[Data excerpts]
****************

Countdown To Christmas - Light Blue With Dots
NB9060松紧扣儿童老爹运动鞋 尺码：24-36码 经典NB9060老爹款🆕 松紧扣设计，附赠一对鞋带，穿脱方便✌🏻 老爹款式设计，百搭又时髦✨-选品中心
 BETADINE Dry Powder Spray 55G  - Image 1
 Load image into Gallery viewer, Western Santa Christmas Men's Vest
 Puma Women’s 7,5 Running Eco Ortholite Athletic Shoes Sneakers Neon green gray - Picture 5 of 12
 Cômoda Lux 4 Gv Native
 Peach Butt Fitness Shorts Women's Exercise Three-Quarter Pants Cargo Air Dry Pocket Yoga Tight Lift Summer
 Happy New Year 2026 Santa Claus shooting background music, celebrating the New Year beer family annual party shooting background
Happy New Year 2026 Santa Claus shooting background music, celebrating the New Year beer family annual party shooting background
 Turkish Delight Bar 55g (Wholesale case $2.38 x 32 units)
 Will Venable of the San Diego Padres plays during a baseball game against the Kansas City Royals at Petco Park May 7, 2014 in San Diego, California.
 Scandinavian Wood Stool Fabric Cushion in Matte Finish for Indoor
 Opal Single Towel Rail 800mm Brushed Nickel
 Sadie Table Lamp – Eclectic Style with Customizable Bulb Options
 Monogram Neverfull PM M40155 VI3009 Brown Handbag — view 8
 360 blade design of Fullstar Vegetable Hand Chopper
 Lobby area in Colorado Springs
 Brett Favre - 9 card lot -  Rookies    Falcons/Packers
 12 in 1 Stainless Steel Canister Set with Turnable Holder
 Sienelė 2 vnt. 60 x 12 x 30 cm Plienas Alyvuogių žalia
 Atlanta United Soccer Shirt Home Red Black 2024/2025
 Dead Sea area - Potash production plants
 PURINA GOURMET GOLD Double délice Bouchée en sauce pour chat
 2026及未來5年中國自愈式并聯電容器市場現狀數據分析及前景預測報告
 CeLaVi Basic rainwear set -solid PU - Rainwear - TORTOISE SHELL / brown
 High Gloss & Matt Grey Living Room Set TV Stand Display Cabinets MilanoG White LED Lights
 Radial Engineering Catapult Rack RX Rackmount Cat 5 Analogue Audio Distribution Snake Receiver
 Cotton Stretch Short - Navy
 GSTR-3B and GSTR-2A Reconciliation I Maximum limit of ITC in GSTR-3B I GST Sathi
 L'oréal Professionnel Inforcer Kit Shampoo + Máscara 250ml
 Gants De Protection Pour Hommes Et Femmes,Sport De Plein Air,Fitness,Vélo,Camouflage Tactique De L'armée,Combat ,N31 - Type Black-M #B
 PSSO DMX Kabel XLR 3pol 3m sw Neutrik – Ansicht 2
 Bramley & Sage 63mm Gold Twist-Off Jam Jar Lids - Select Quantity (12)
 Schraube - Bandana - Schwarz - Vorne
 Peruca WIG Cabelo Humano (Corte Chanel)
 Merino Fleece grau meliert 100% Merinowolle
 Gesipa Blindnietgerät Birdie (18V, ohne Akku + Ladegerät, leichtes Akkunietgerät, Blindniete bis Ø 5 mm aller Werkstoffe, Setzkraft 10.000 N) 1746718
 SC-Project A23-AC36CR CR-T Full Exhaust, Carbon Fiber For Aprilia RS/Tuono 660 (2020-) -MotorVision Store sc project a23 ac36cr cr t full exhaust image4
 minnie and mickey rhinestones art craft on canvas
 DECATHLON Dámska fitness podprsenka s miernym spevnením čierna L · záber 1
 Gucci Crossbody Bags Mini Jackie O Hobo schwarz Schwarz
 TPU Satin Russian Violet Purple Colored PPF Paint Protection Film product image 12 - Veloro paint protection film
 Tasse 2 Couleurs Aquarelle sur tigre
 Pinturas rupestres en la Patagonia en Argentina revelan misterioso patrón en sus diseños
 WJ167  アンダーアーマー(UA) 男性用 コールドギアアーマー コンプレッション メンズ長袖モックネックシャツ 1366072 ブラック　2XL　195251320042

****************

• WHAT YOU WILL DO:
Write out exactly the lines between the start of the entries and the line containing "Turkish Delight Bar", including that line and the first one.

• RESPONSE AREA:
Countdown To Christmas - Light Blue With Dots
NB9060松紧扣儿童老爹运动鞋 尺码：24-36码 经典NB9060老爹款🆕 松紧扣设计，附赠一对鞋带，穿脱方便✌🏻 老爹款式设计，百搭又时髦✨-选品中心
 BETADINE Dry Powder Spray 55G  - Image 1
 Load image into Gallery viewer, Western Santa Christmas Men's Vest
 Puma Women’s 7,5 Running Eco Ortholite Athletic Shoes Sneakers Neon green gray - Picture 5 of 12
 Cômoda Lux 4 Gv Native
 Peach Butt Fitness Shorts Women's Exercise Three-Quarter Pants Cargo Air Dry Pocket Yoga Tight Lift Summer
 Happy New Year 2026 Santa Claus shooting background music, celebrating the New Year beer family annual party shooting background
Happy New Year 2026 Santa Claus shooting background music, celebrating the New Year beer family annual party shooting background
 Turkish Delight Bar 55g (Wholesale case $2.38 x 32 units)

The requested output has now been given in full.